• **Source material**

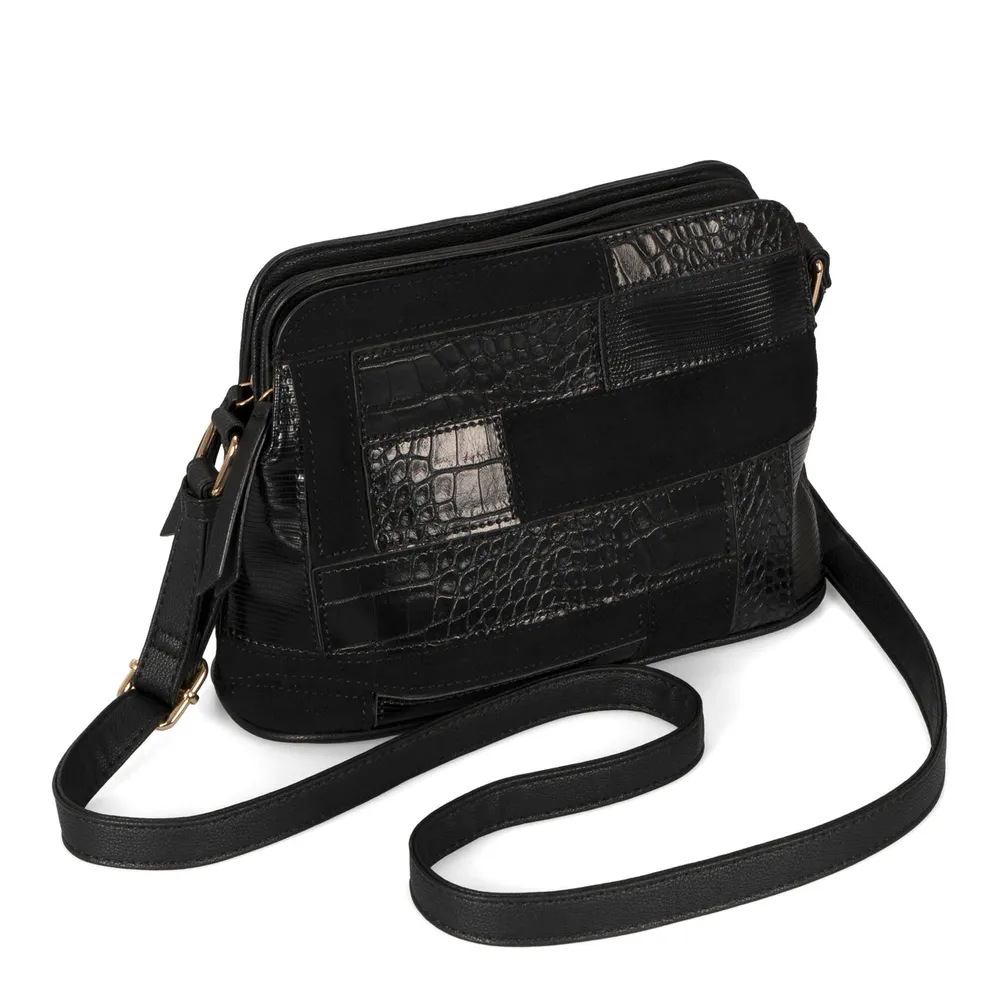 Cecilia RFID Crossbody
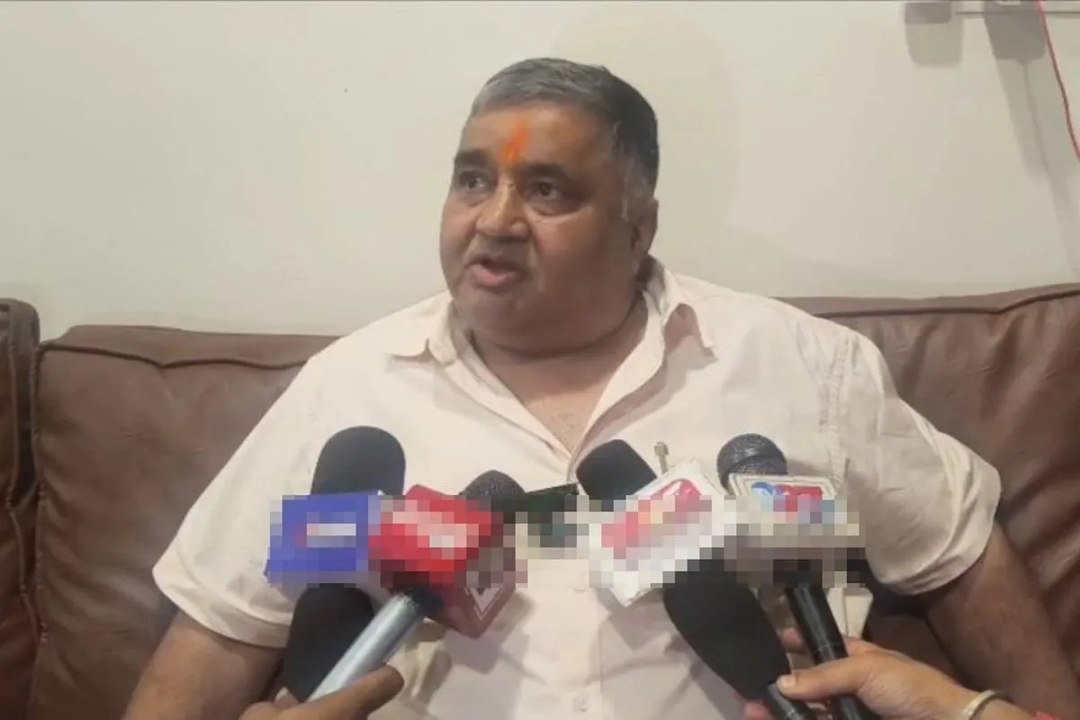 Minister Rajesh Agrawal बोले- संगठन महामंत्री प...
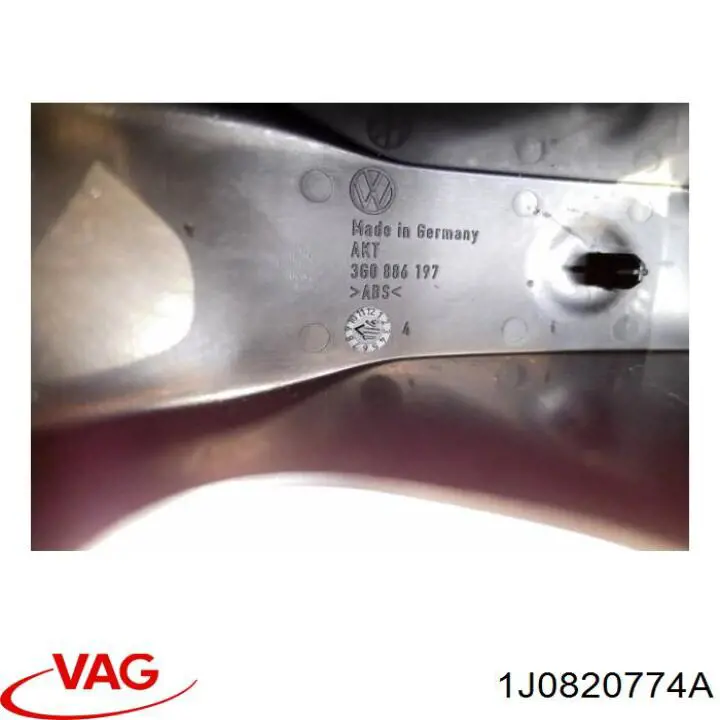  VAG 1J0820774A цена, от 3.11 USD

• **What to work on**
Down to the final line, restate the material above word for word, but omit its pictures.

• **Result of this exercise**
 Cecilia RFID Crossbody
 Minister Rajesh Agrawal बोले- संगठन महामंत्री प...
  VAG 1J0820774A цена, от 3.11 USD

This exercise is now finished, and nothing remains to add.